Chuck Brown and Marion Barry

Chuck Brown fans welcomed D.C. “Mayor for Life” Marion Barry as a folk hero. “You the last one standing1” a woman shouted.

Chuck Brown fans waiting in line for the public viewing of his body at the Howard Theater Tuesday morning welcomed D.C. Councilman Marion Barry like a folk hero. They clamored to shake Barry’s hands.

“You the last one standing!” someone shouted. “Back up Bruce! Let the man get some air!” someone else yelled, chiding WUSA news reporter Bruce Johnson as he closed in on Barry for an interview.  “We love you Marion Barry!” Chuck Brown fans sang. “Weeee looooove you!”

Chuck Brown – like Barry – validated them.  Fans standing in line included hard-scrapple D.C. residents with missing teeth and well-fed residents in business attire, a glamor girl in a swanky long dress and sisters in blue work shirts and suits.

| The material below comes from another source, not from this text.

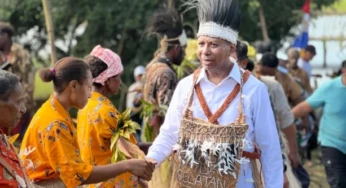 Gubernur Ajak Warga Kampung Kaniskobat Dukung Program Pembangunan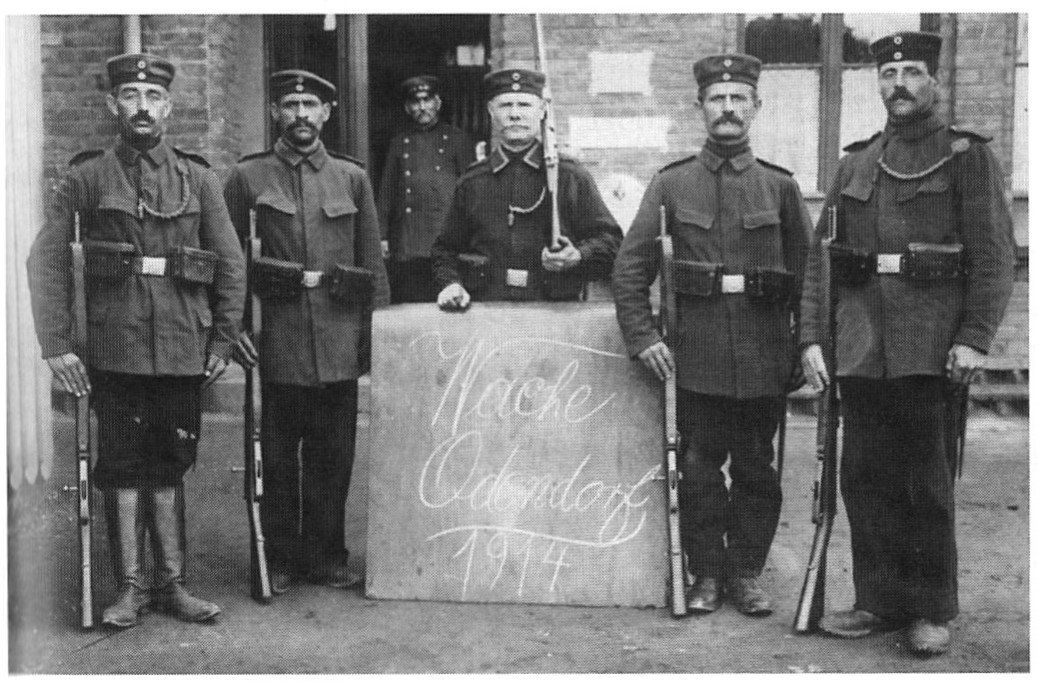 Landsturm Wache am Bahnhof Odendorf 1914 (Archiv Verein Zehnthaus e.V.)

Some fans waited in line for hours to get inside the recently restored Howard Theater to pay respects. Linda Boyd had arrived at 6 a.m. She was the second person in a line that would swing around the corner. Fans laughed, chatted, joked, and sang Chuck Brown tunes occasionally. When Boyd spotted swirling police lights escorting a dignitary, she stirred the crowd into an old Chuck Brown song.

“The police man is on the premises. What is he doing in here? I said the police man is on the premises what is he doing in here!” They shared a hearty laugh and sang the famous refrain. “Run Joe, run Joe, run Joe, run Joe the police man’s at the door….”

Chuck Brown acknowledged a community’s conflict with the establishment. His song, “Run Joe,” gave lyrics to a popular experience of outcast young people hustling to survive, using an underground economy – and an underground mental health care system – drugs.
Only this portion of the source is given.